▸ **What you will do**
Nothing but the line containing "Hygrophila thailand" and the lines that follow it to the end of the material below should appear in the answer, each copied exactly.

▸ **Provided data**
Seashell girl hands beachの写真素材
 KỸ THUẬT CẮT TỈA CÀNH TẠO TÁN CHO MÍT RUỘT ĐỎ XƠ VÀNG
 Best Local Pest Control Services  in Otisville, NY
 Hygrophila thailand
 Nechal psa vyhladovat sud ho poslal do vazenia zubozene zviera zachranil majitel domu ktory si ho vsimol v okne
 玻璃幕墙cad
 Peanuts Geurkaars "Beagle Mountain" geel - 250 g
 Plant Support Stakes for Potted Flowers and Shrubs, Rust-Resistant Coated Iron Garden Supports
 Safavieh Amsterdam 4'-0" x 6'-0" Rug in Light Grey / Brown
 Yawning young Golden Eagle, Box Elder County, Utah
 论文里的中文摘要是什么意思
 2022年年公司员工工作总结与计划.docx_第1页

▸ **Exercise answer**
 Hygrophila thailand
 Nechal psa vyhladovat sud ho poslal do vazenia zubozene zviera zachranil majitel domu ktory si ho vsimol v okne
 玻璃幕墙cad
 Peanuts Geurkaars "Beagle Mountain" geel - 250 g
 Plant Support Stakes for Potted Flowers and Shrubs, Rust-Resistant Coated Iron Garden Supports
 Safavieh Amsterdam 4'-0" x 6'-0" Rug in Light Grey / Brown
 Yawning young Golden Eagle, Box Elder County, Utah
 论文里的中文摘要是什么意思
 2022年年公司员工工作总结与计划.docx_第1页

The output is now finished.